§ Your instructions
Output a character-exact copy of the data, images removed.

§ Data extract
====
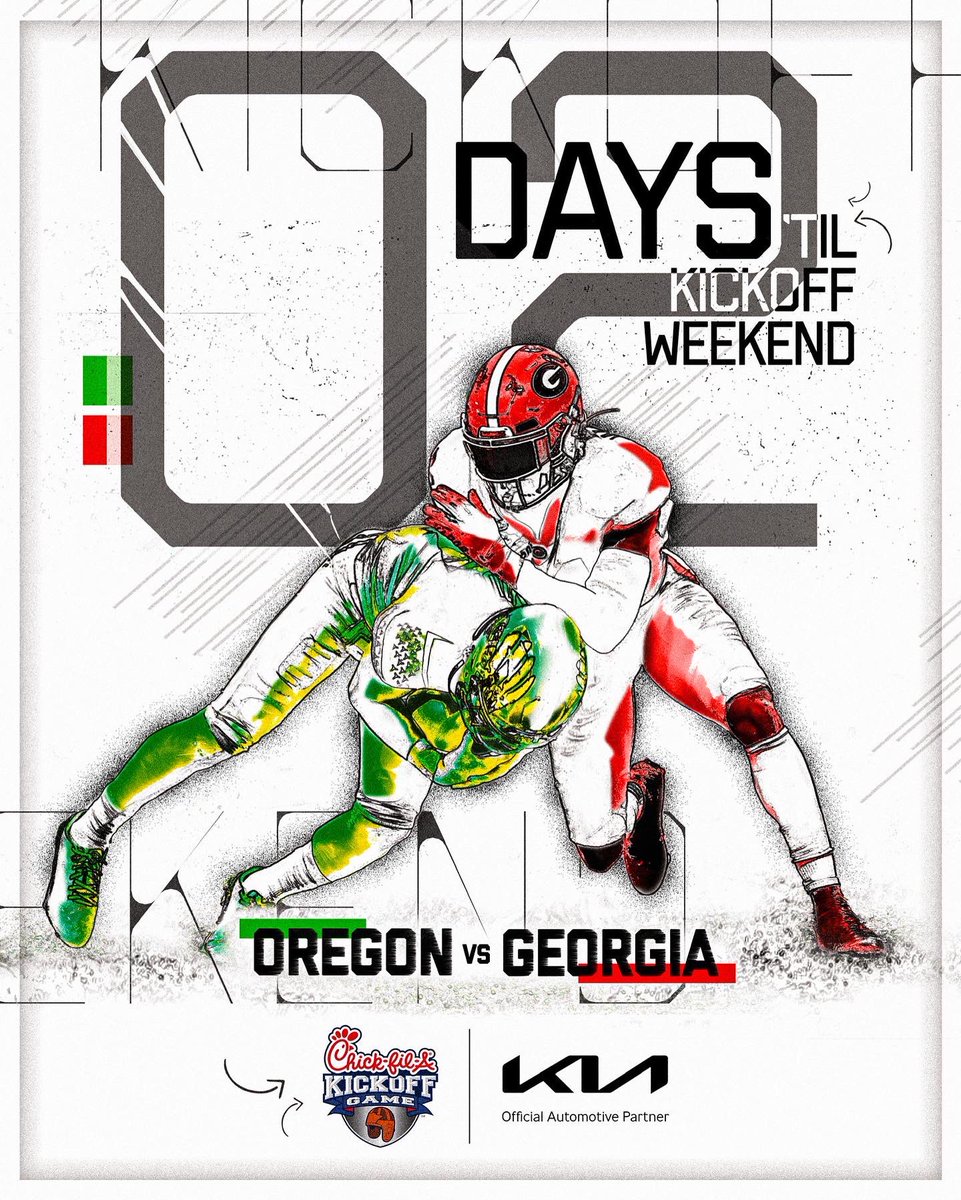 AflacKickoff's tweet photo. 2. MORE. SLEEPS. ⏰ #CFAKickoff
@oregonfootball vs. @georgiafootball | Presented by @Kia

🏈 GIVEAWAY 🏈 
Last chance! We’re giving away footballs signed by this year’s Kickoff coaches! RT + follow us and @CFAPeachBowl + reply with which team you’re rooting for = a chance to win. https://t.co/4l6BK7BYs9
====
§ Answer area
 AflacKickoff's tweet photo. 2. MORE. SLEEPS. ⏰ #CFAKickoff
@oregonfootball vs. @georgiafootball | Presented by @Kia

🏈 GIVEAWAY 🏈 
Last chance! We’re giving away footballs signed by this year’s Kickoff coaches! RT + follow us and @CFAPeachBowl + reply with which team you’re rooting for = a chance to win. https://t.co/4l6BK7BYs9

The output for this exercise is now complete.